◆ Exercise description ◆
Exactly reproduce the lines from the line bearing "a log cabin" through the end of the listing, inclusive of both; pictures are to be omitted.

◆ Provided data ◆
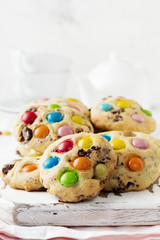 Stack of children's cookies with colorful chocolate candies in a sugar glaze on a white light wooden background. Selective focus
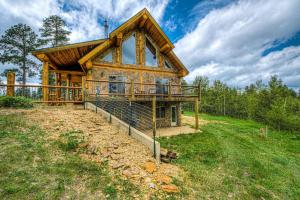 a log cabin with a deck on a hill at Tetro Rock Retreat in Deadwood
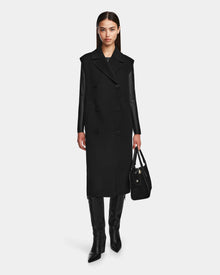 A woman models the Rudsak NOURA - 8124698 Black, a sleek, knee-length double-breasted vest, styled over a black top with knee-high boots and a black handbag against a plain white background.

◆ Result of the exercise ◆
 a log cabin with a deck on a hill at Tetro Rock Retreat in Deadwood
 A woman models the Rudsak NOURA - 8124698 Black, a sleek, knee-length double-breasted vest, styled over a black top with knee-high boots and a black handbag against a plain white background.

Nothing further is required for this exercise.